EXERCISE INSTRUCTIONS: Produce a word-for-word copy of the lines from the one that contains "Mosser Glass Monogram" to the final line of the data below, with all pictures dropped.
■ ■ ■ ■ ■ ■ ■
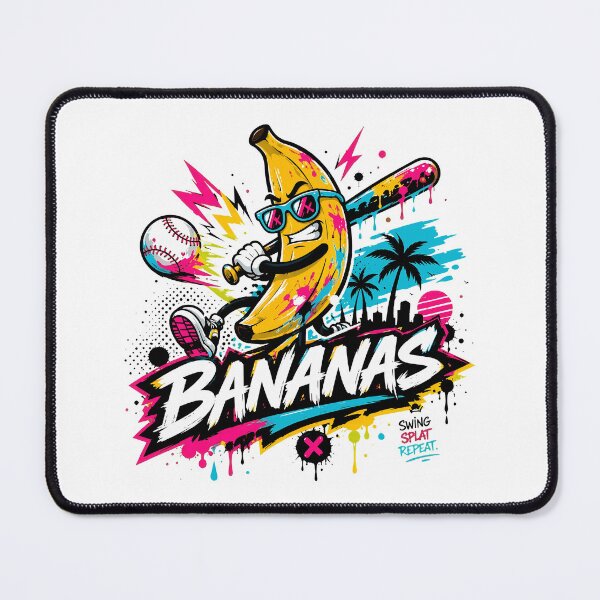 Item preview, Banana Baseball Batter Funky Art T-Shirt designed and sold by TannerBry40882.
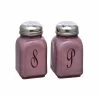 Mosser Glass Monogram Salt & Pepper Set | Eggplant -Cuisinart Shop eggplantsp1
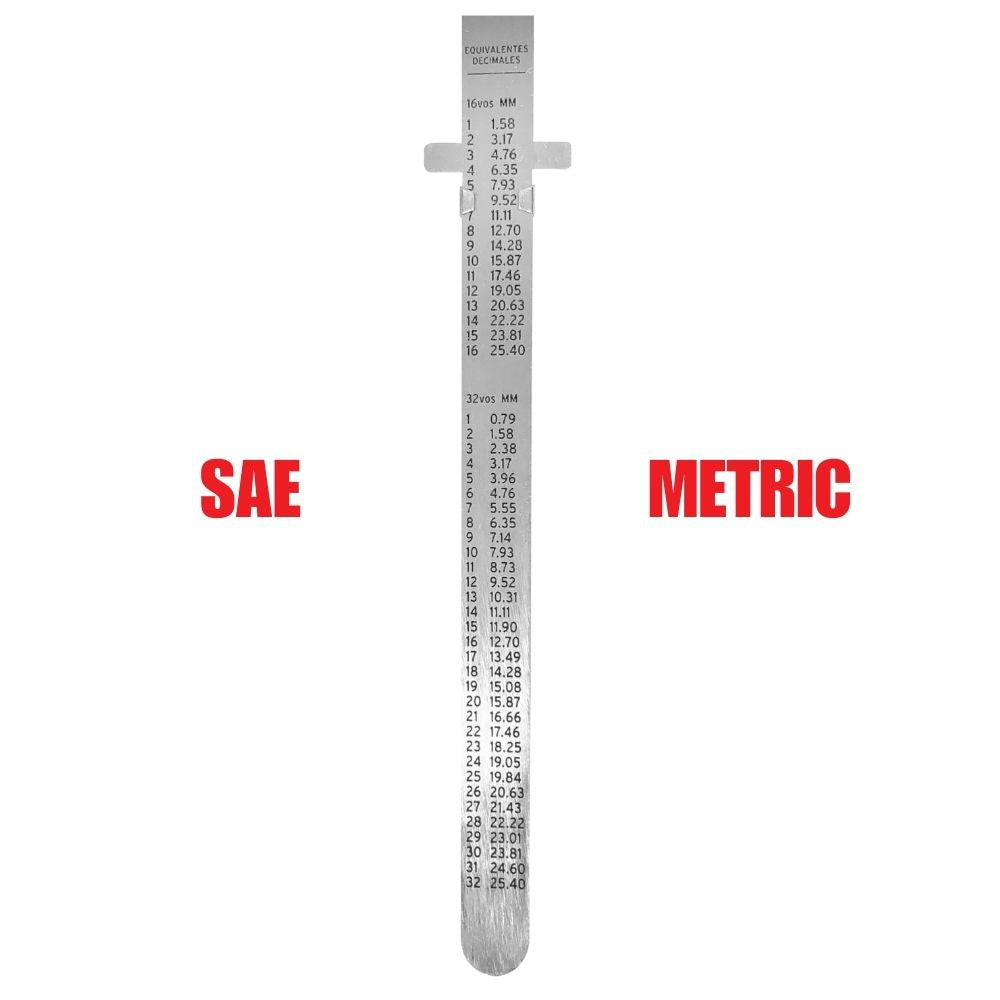 Truwerx 29100 6 inch Pocket Ruler SAE and Metric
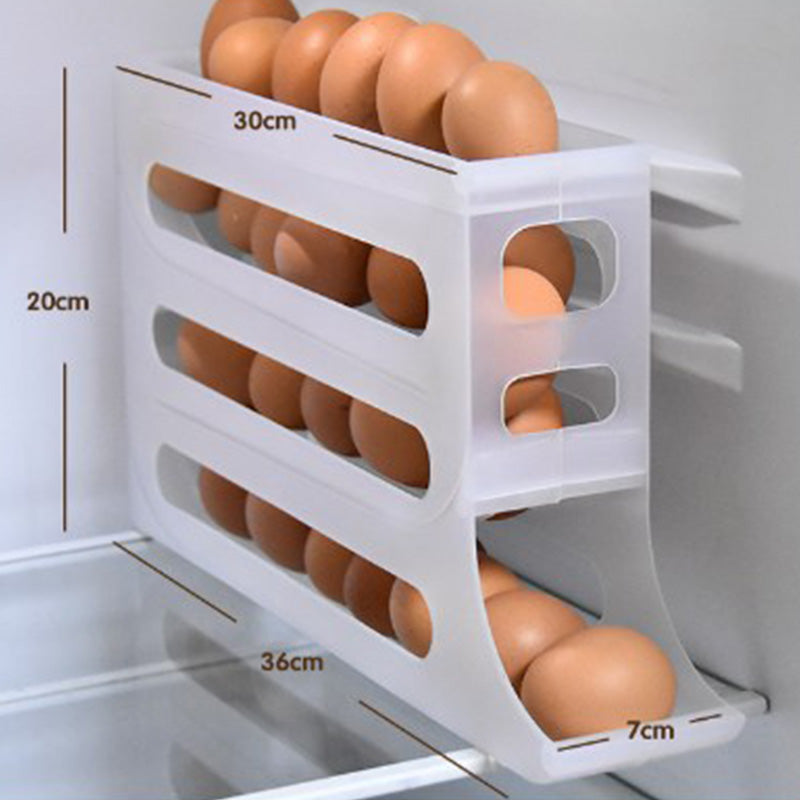 🥚4-Tier Tilted Design Egg Storage Rack
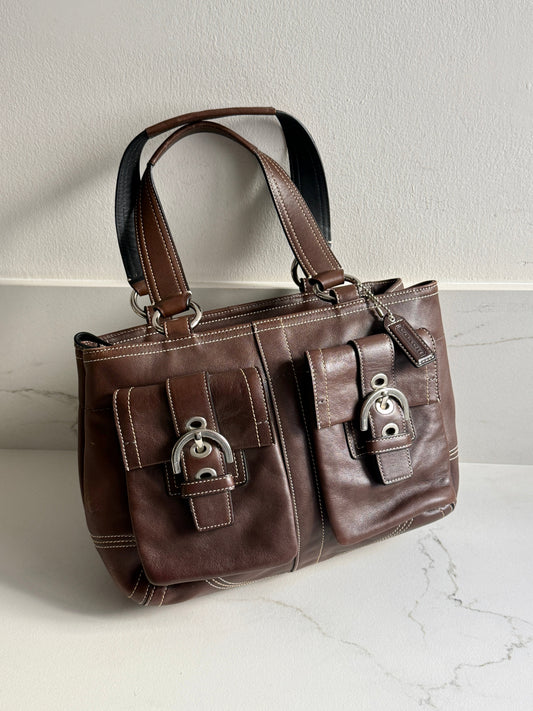 Coach Soho Leather Shoulder Bag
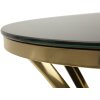 Mauro Ferretti Table dappoint Shanty haute Ø 50x92 cm doré noir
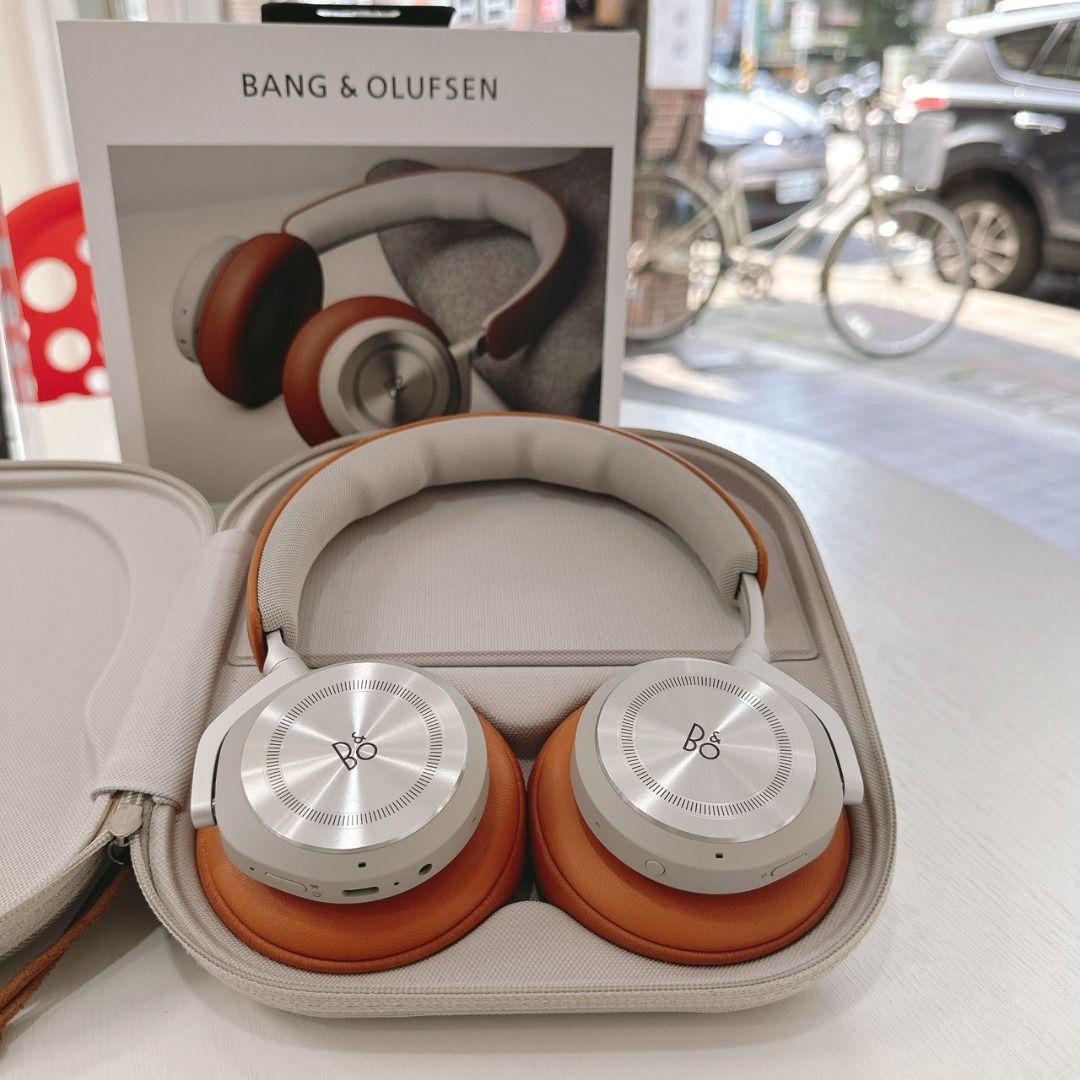 艾爾巴二手】B&O BeoPlay HX 主動降噪無線藍牙耳罩式耳機焦糖棕#保固中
■ ■ ■ ■ ■ ■ ■
OUTPUT BELOW:
 Mosser Glass Monogram Salt & Pepper Set | Eggplant -Cuisinart Shop eggplantsp1
 Truwerx 29100 6 inch Pocket Ruler SAE and Metric
 🥚4-Tier Tilted Design Egg Storage Rack
 Coach Soho Leather Shoulder Bag
 Mauro Ferretti Table dappoint Shanty haute Ø 50x92 cm doré noir
 艾爾巴二手】B&O BeoPlay HX 主動降噪無線藍牙耳罩式耳機焦糖棕#保固中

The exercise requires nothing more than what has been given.